Oral Bone Loss May Detected By Saliva

Loss of bone supporting the teeth is the main result of periodontal disease, which is also called gum disease.
Periodontal means around the tooth, and periodontal disease is a gum infection that affects the tissues and bone that support the teeth.
There is a pocket around the teeth which when healthy is usually less than 3mm deep. When not properly cleaned, the harmful bacteria in the pockets multiply and cause the tissues to get inflamed and damaged, which causes the dental bone loss. As the pockets get deeper, it gets more difficult to clean, which makes the disease progress; the end result of which is tooth loss.
If you have any of the signs below, you may have gum disease and need to get it checked out by your dentist.
Gums that bleed easily
Red, swollen, or tender gums
Gums that have pulled away from your teeth
Persistent bad breath, halitosis
Pus between the teeth and gums
Loose or separating teeth
A change in the way your teeth come together when you bite
A change in the fit of partial dentures
Researchers at the University at Buffalo have identified two components of saliva that may serve as the basis for novel tests to determine the risk for future loss of the bone that holds teeth in place. 

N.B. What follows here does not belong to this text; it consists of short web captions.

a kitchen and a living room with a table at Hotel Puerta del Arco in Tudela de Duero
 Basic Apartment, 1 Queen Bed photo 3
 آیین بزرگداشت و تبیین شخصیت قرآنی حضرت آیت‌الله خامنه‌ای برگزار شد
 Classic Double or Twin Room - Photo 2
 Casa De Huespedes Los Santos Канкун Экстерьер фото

By comparing dental X-rays of 100 patients with analyses of their saliva, the researchers found that higher-than-normal levels of a salivary protein called IL-1-beta were associated with increased bone loss. 
The level of another protein, osteonectin, was inversely proportional to bone loss, suggesting this marker may serve as a measure of periodontal health. 
Results of the research, a collaboration between the UB School of Dental Medicine and the UB School of Public Health and Health Professions, were presented today (March 10, 2006) at the annual meeting of the International Association of Dental Research being held in Orlando, Fla. 
"These results show that above-average levels of IL-1 beta in saliva may prove to help the dentist decide whether or not to treat the dental patient for periodontal disease," said lead researcher Frank Scannapieco, D.D.S., Ph.D., professor and chair of the Department of Oral Biology in the UB dental school.